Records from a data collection
= Beginning of Section =
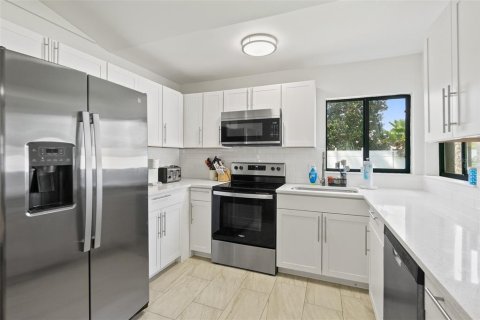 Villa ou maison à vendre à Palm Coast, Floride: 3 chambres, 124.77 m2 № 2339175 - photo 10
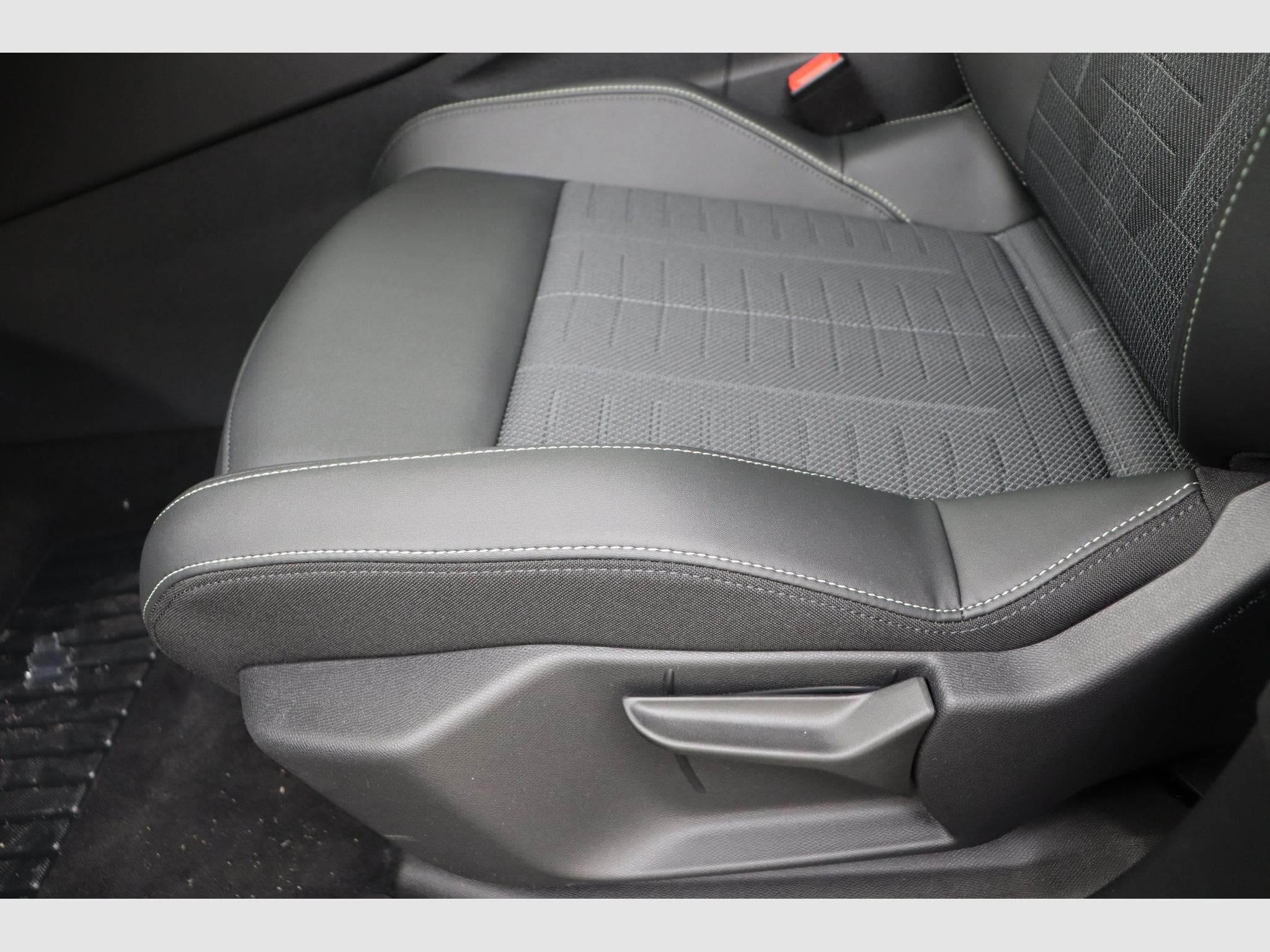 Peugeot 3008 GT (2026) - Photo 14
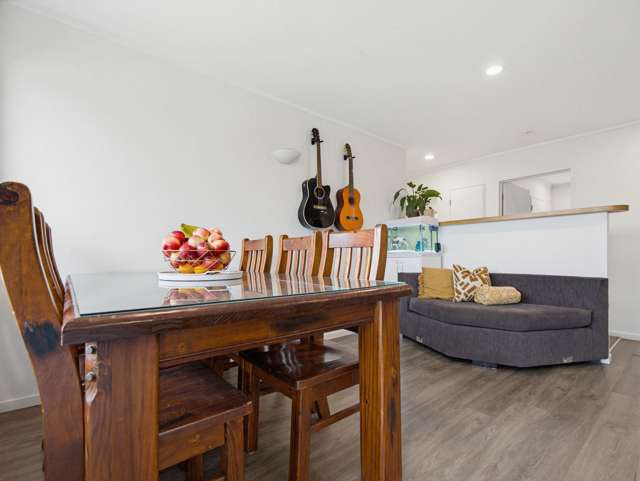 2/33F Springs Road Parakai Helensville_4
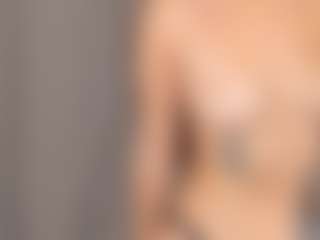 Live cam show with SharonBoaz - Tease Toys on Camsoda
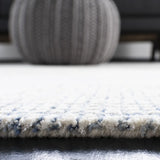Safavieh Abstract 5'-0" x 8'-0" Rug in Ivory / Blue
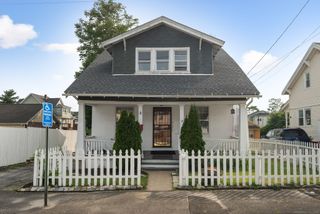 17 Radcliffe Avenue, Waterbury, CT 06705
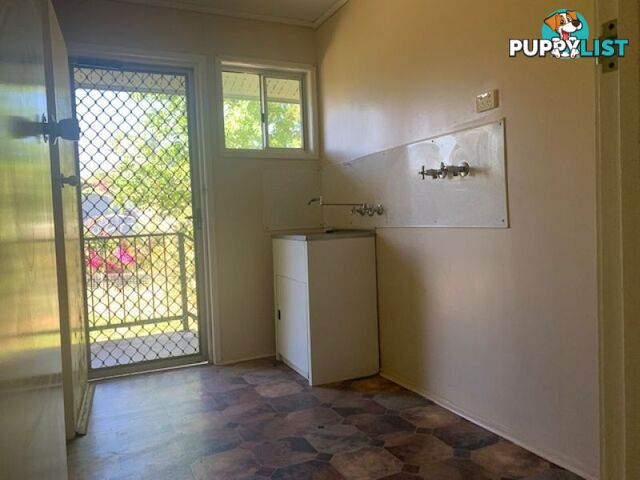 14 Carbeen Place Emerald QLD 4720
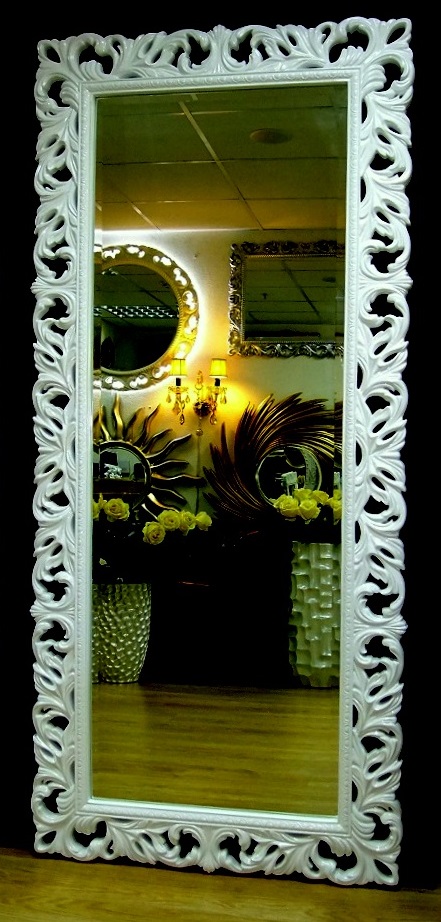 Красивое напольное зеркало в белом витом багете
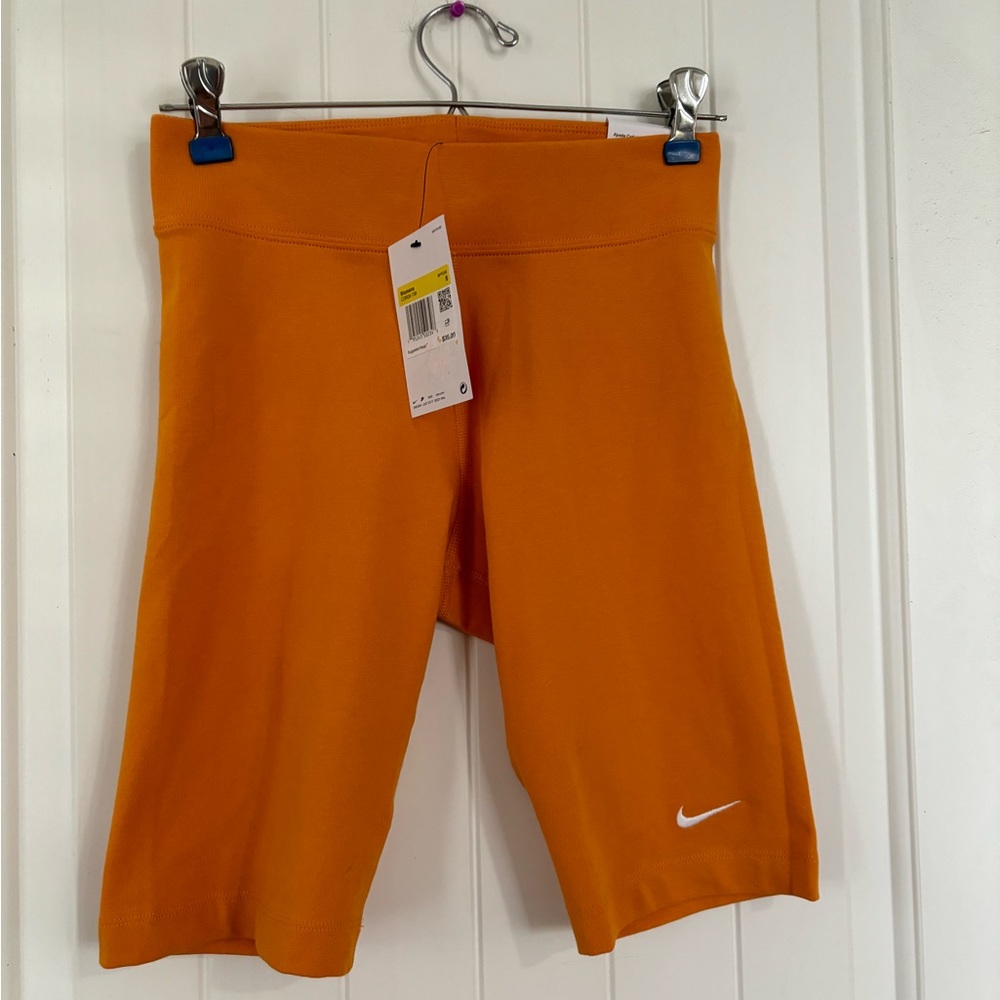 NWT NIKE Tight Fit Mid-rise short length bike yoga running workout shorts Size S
= End of Section =
Exercise objective:
Omit the pictures, and please restate word for word the lines running from the line with "Live cam show" to the end of the entries.

Answer to this exercise:
 Live cam show with SharonBoaz - Tease Toys on Camsoda
Safavieh Abstract 5'-0" x 8'-0" Rug in Ivory / Blue
 17 Radcliffe Avenue, Waterbury, CT 06705
 14 Carbeen Place Emerald QLD 4720
 Красивое напольное зеркало в белом витом багете
 NWT NIKE Tight Fit Mid-rise short length bike yoga running workout shorts Size S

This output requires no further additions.